Reputation: 41
Is there any simple way to do that? I'm not in Java and I'm new in Python so I would need another way(s). Thanks in advance!
Upvotes: 4
Views: 51033
Reputation: 1
package WekaDemo;
public class Txt2Arff {
static ArrayList inList=new ArrayList();
static String colNames[];
static String colTypes[];
static String indata[][];
static ArrayList clsList=new ArrayList();
static ArrayList disCls=new ArrayList();
static String res="";
public String genTrain()
{File fe=new File("input2.txt");
FileInputStream fis=new FileInputStream(fe);
byte bt[]=new byte[fis.available()];
fis.read(bt);
fis.close();
String st=new String(bt);
String s1[]=st.trim().split("\n");
String col[]=s1[0].trim().split("\t");
colNames=col;
colTypes=s1[1].trim().split("\t");
for(int i=2;i<s1.length;i++)
{
inList.add(s1[i]);
}
ArrayList at1=new ArrayList();
for(int i=0;i<inList.size();i++)
{
String g1=inList.get(i).toString();
if(!g1.contains("?"))
{
at1.add(g1);
res=res+g1+"\n";
}
}
indata=new String[at1.size()][colNames.length-1]; // remove cls
for(int i=0;i<at1.size();i++)
{
String s2[]=at1.get(i).toString().trim().split("\t");
for(int j=0;j<s2.length-1;j++)
{
indata[i][j]=s2[j].trim();
}
if(!disCls.contains(s2[s2.length-1].trim()))
disCls.add(s2[s2.length-1].trim());
clsList.add(s2[s2.length-1]);
}
String ar="@relation tra\n";
try
{
for(int i=0;i<colNames.length-1;i++) // all columName which you have split
//and store in Colname
{
//where yor attitude in nominal or you can say character value
if(colTypes[i].equals("con"))
ar=ar+"@attribute "+colNames[i].trim().replace(" ","_")+" real\n";
else
{
ArrayList at1=new ArrayList();
for(int j=0;j<indata.length;j++) //your all numeric data
{
if(!at1.contains(indata[j][i].trim()))
at1.add(indata[j][i].trim());
}
String sg1="{";
for(int j=0;j<at1.size();j++)
{
sg1=sg1+at1.get(j).toString().trim()+",";
}
sg1=sg1.substring(0,sg1.lastIndexOf(","));
sg1=sg1+"}";
ar=ar+"@attribute "+colNames[i].trim().replace(" ", "_")+" "+sg1+"\n";
}
}
//end of attribute
// now adding a class Attribute
ArrayList dis=new ArrayList();
String c1="";
for(int i=0;i<clsList.size();i++)
{
String g=clsList.get(i).toString().trim();
if(!dis.contains(g))
{
dis.add(g);
c1=c1+g+",";
}
}
c1=c1.substring(0, c1.lastIndexOf(","));
ar=ar+"@attribute class {"+c1+"}\n"; //attribute name
//adding class attribute is done
//now data
ar=ar+"@data\n";
for(int i=0;i<indata.length;i++)
{
String g1="";
for(int j=0;j<indata[0].length;j++)
{
g1=g1+indata[i][j]+",";
}
g1=g1+clsList.get(i);
ar=ar+g1+"\n";
}
}
catch(Exception e)
{
e.printStackTrace();
}
return ar;
}
public static void main(String[] args) throws IOException {
// TODO Auto-generated method stub
Txt2Arff T2A=new Txt2Arff();
String ar1=T2A.genTrain();
File fe1=new File("tr.arff");
FileOutputStream fos1=new FileOutputStream(fe1);
fos1.write(ar1.getBytes());
fos1.close();
}}
Upvotes: -1
Reputation: 1
This solution assumes you have your data in .csv format - see kaz's solution.
One simple way to do this is in version 3.6.11 (I'm on a mac) is to open up the Explorer and then in the Preprocess tab select "Open file...", just as you would when you want to open a .arff file.
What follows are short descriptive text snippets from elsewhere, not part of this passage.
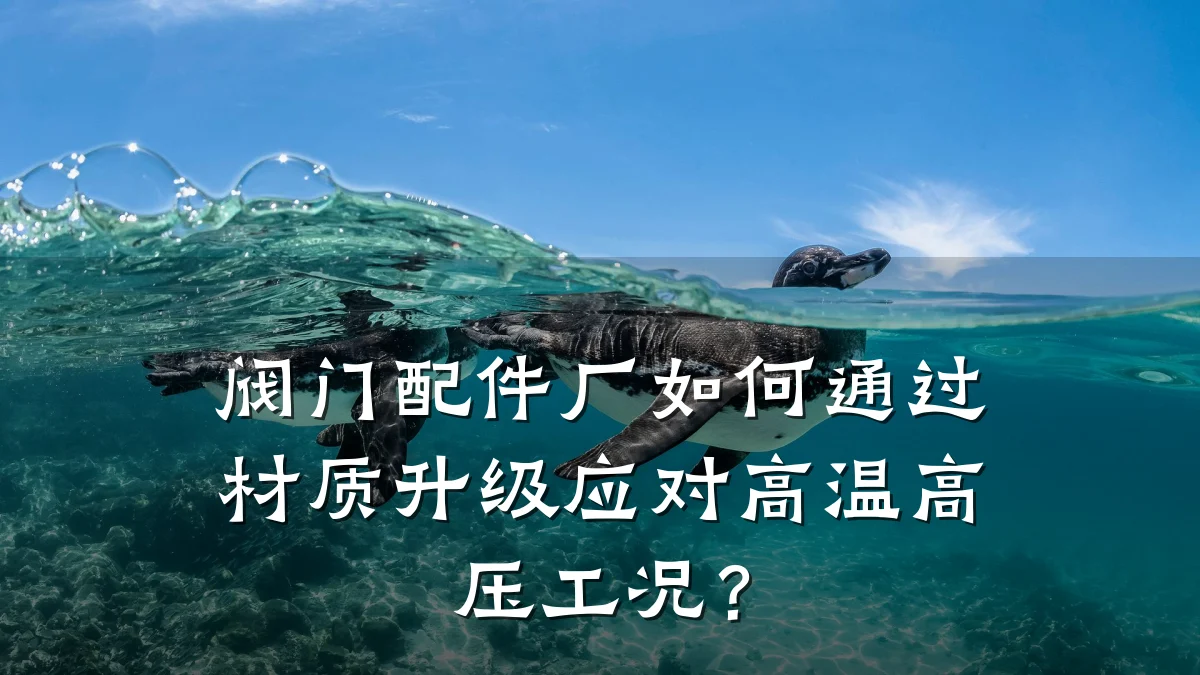 阀门配件厂如何通过材质升级应对高温高压工况?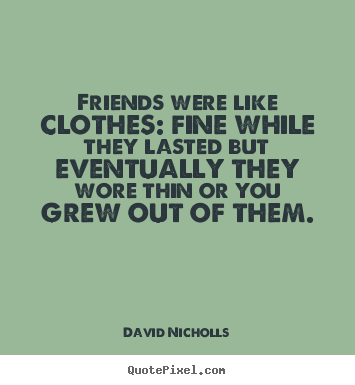 David Nicholls picture quotes - Friends were like clothes: fine while they lasted but eventually they.. - Friendship quote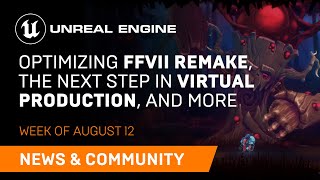 News and Community Spotlight | August 12, 2021 | Unreal Engine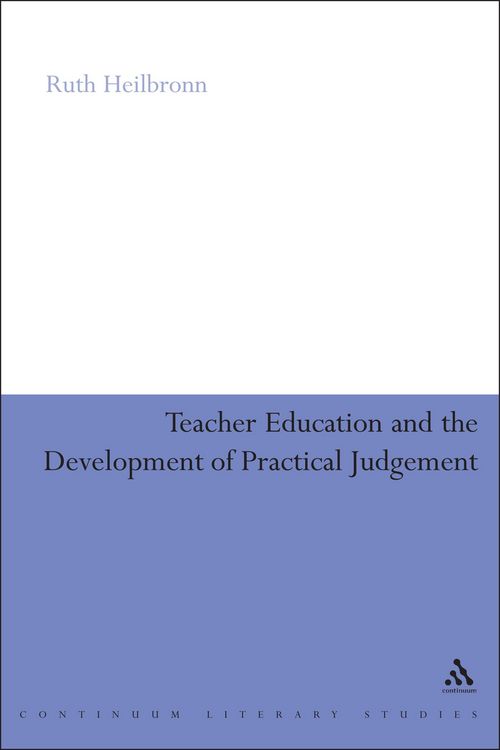 Produktbild: Teacher Education and the Development of Practical Judgement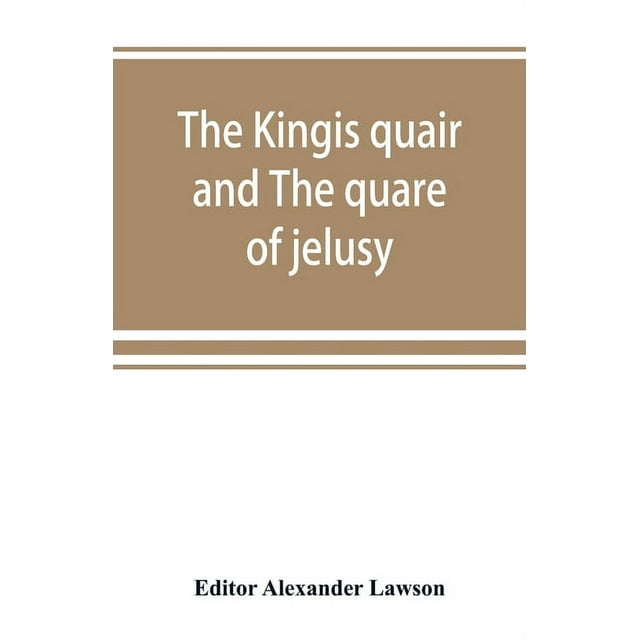 The kingis quair and The quare of jelusy, (Paperback)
Then where it asks for the File Format at the bottom of the dialog box, change it to .csv. You can now load CSV files straight into Weka. If the first line of your CSV file is a header line, these names will be used as the attribute names.
On the right-hand side of the Preprocesses tabs is a "Save..." button. You can click on that and save your data as a .arff file.
This is a bit long-winded to explain, but takes only a few moments to perform and is very intuitive.
Upvotes: 0
Reputation: 1042
Missing -dir argument specifier:
java weka.core.converters.TextDirectoryLoader -dir /directory/with/your/text/files > output.arff
Upvotes: 3
Reputation: 685
Do you perhaps mean a csv
file that ends in .txt
? If the data inside the file looks like this:
1,434,2236,5,569,some,value,other,value
4,347,2351,1,232,different,value,than,those
Then it has comma separated values (csv) and Weka has classes and functions which convert a csv file into an arff: http://weka.wikispaces.com/Converting+CSV+to+ARFF You can use these from the command line, like this:
java weka.core.converters.CSVLoader filename.csv > filename.arff
Otherwise, @D3mon-1stVFW 's comment links to great documentation from weka about turning text files (things like blog posts or books or essays) into the arff format. http://weka.wikispaces.com/ARFF+files+from+Text+Collections and this can also be called from the command line, like this:
java weka.core.converters.TextDirectoryLoader /directory/with/your/text/files > output.arff
Upvotes: 4